All participants at this year’s World Scout Jamboree in South Korea will be evacuated from the campsite before the scheduled end date of 12 August due to a typhoon that is expected to make landfall over the Korean peninsula in the coming days, in the latest blow to the event.
The World Organization of the Scout Movement (WOSM) said it had received confirmation from the South Korean government that, due to the expected impact of Typhoon Khanun, an early departure would be planned for all participants at the global youth event in the south-western county of Buan.
The WOSM said: “We urgently call on the government to expedite the plan for departure and provide all necessary resources and support for participants during their stay and until they return to their home countries.”
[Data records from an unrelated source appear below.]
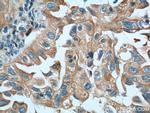 IGSF2 Antibody in Immunohistochemistry (Paraffin) (IHC (P))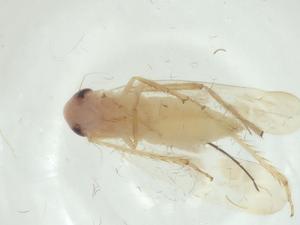  ( - CBG-A29424-E05)  @11 [ ] CreativeCommons - Attribution Share - Alike (2024) Centre for Biodiversity Genomics Centre for Biodiversity Genomics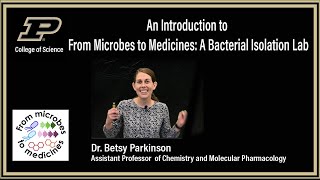From Microbes to Medicines: A Bacterial Isolation Lab for High School Students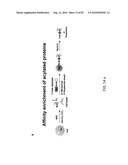 Chemical Reporters of Protein Acylation diagram and image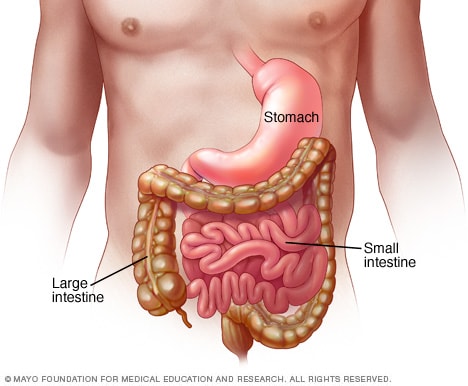Viral gastroenteritis (stomach flu) - Symptoms and causes - Mayo ...
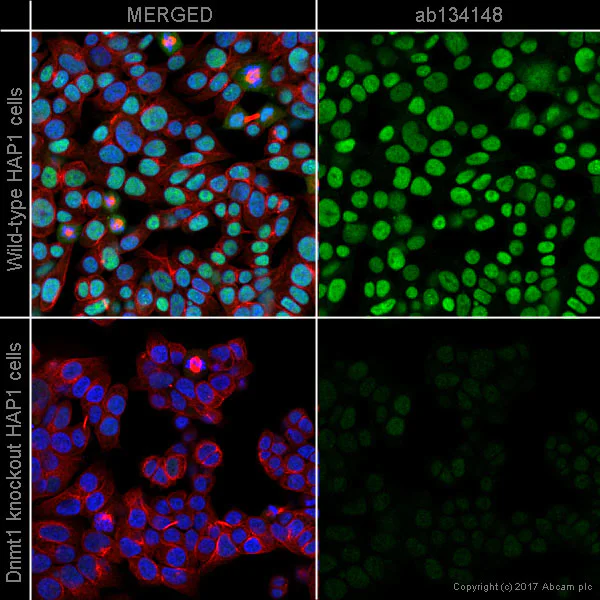 Immunocytochemistry/ Immunofluorescence - Anti-Dnmt1 antibody [EPR3521(2)] (AB134148)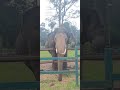 ಅಭಿಮನ್ಯು #elephant  #wildliferescue #shortsviral #animals #shortvideos #short #wildlife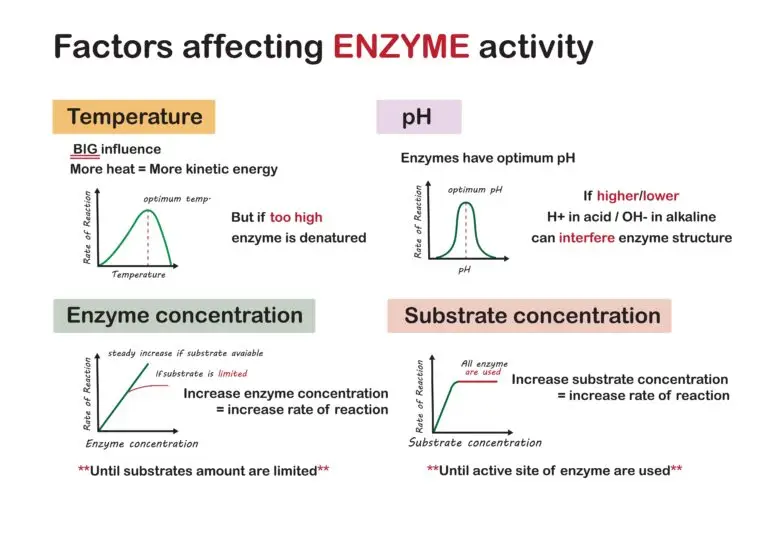 Educational diagram showing the factors affecting enzyme activity including temperature, pH, enzyme concentration, and substrate concentration.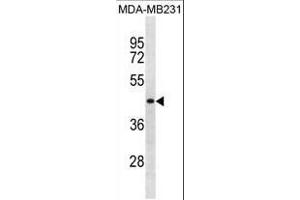 SPRYD5 Antibody (N-term) (ABIN1881827 and ABIN2838824) western blot analysis in MDA-M cell line lysates (35 μg/lane). (TRIM51 抗体  (N-Term))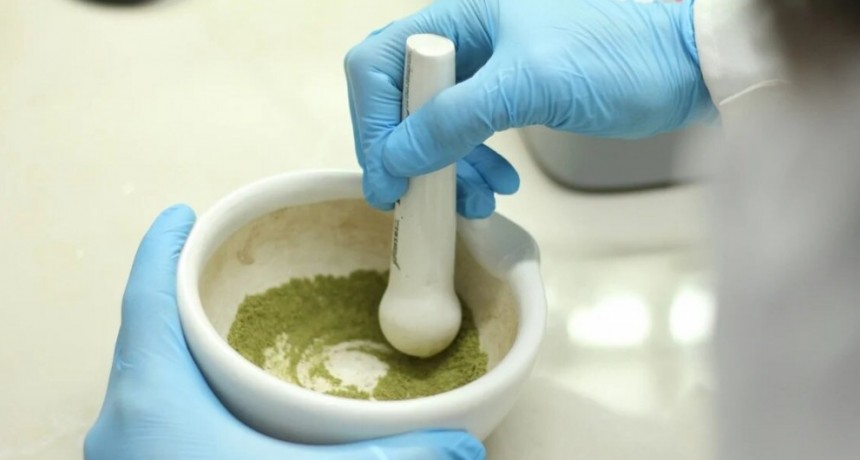 Ciencia: Trabajan en la creación de una salsa de tomate con propiedades antitumorales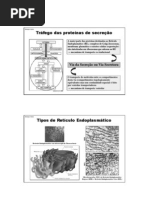 07-Trafego Proteinas Reticulo Endoplasm - 2012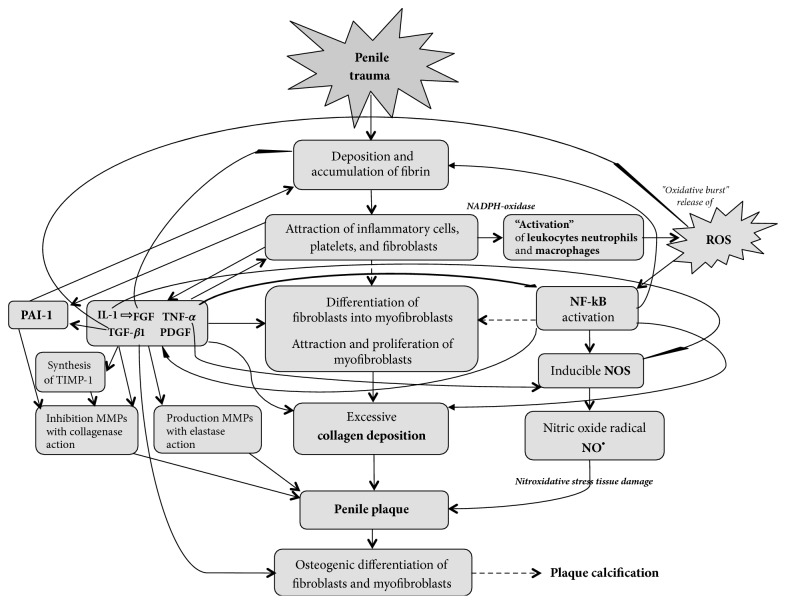 Paulis 2017 pathogenesis flow diagram of Peyronie's disease: tunica albuginea trauma → fibrin deposition → inflammatory infiltrate → cytokine release (TGF-β1, PDGF, IL-1, bFGF) → fibroblast recruitment and myofibroblast transformation → plaque formation, with oxidative stress and free radicals feeding the loop.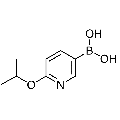 anti-HYAL1 antibody (Hyaluronidase-1) (N-Term)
At a press briefing after the withdrawal announcement, the vice-minister for disaster and safety management, Kim Sung-ho, said the government planned to provide “comfortable and safe accommodation” for the scouts by securing administrative and private educational facilities centred as much as possible on the Seoul metropolitan area, which was not directly affected by the typhoon.
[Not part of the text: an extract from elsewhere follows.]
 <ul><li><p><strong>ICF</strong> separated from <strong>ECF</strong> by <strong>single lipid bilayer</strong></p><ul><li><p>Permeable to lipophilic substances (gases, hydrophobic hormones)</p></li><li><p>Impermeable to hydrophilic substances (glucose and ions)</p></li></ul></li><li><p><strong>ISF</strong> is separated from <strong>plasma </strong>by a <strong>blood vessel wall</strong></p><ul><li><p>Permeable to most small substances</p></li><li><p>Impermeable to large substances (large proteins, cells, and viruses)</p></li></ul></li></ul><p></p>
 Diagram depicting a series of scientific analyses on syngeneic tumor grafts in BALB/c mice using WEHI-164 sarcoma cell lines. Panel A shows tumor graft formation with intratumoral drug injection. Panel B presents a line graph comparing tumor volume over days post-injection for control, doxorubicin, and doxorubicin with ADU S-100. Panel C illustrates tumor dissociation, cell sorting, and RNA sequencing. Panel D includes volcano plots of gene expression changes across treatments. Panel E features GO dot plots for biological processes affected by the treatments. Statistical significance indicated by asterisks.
“The government will be fully prepared for the participants’ accommodation and jamboree programmes to continue for the remaining four nights and five days,” he said.
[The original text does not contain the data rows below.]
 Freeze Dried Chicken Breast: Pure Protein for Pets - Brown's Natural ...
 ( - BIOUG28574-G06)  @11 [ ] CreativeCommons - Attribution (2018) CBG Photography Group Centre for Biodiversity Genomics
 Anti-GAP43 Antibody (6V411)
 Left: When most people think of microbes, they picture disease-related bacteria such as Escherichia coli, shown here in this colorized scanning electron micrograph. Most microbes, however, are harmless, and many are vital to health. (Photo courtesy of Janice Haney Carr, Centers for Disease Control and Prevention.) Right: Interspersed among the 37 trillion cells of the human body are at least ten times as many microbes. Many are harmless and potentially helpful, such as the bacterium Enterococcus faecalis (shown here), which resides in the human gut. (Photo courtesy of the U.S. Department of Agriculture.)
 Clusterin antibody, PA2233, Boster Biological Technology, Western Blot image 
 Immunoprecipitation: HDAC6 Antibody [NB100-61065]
Local governments and cities across the country, including Incheon, North Gyeongsang province and Gyeongju, have been convening emergency meetings to support the young scouts with accommodation and experience programmes.
The event, which attracted 43,000 scouts from 158 countries, has been plagued by problems since it started on Tuesday, including a heatwave that resulted in hundreds of participants being treated for heat-related ailments, and reports of poor sanitation, waterlogged conditions caused by heavy rain, as well as rotten food and swarms of mosquitoes and flies.
Long before the events began, critics and local politicians raised concerns about bringing such large numbers of young people to the site – a vast, treeless area lacking protection from the summer heat, made on land reclaimed from sea.
The British and American contingents announced on Friday they would be leaving the site.
On Monday, Matt Hyde, the chief executive of the UK Scouts, told the BBC poor sanitation and insufficient medical services had led to the 4,500-member UK contingent being moved from the campsite.
“We feel let down by the organisers because we repeatedly raised some of these concerns before we went, and during, and we were promised things were going to be put in place and they weren’t,” Hyde said.
“If you can imagine [toilets] that are being used by thousands and thousands of people that are not being cleared with the regularity you would expect, you can imagine the sort of things that people were seeing.”
Hyde said relocating 4,500 people had cost the Scout Association more than £1m, which had come from its reserves, and the cost would affect the organisation’s activities for up to five years.
Earlier on Monday, it was reported that Australia was also withdrawing its scouts and volunteers, due to the typhoon forecast. Singapore announced its contingent had chosen alternative accommodation but said it was still participating in the jamboree.
Conditions on the ground had been improving before Monday’s statement by the WOSM. The South Korean ministry of gender equality, which is in charge of the event, cited a recent survey that found only 4% of participants were extremely dissatisfied with their experiences so far.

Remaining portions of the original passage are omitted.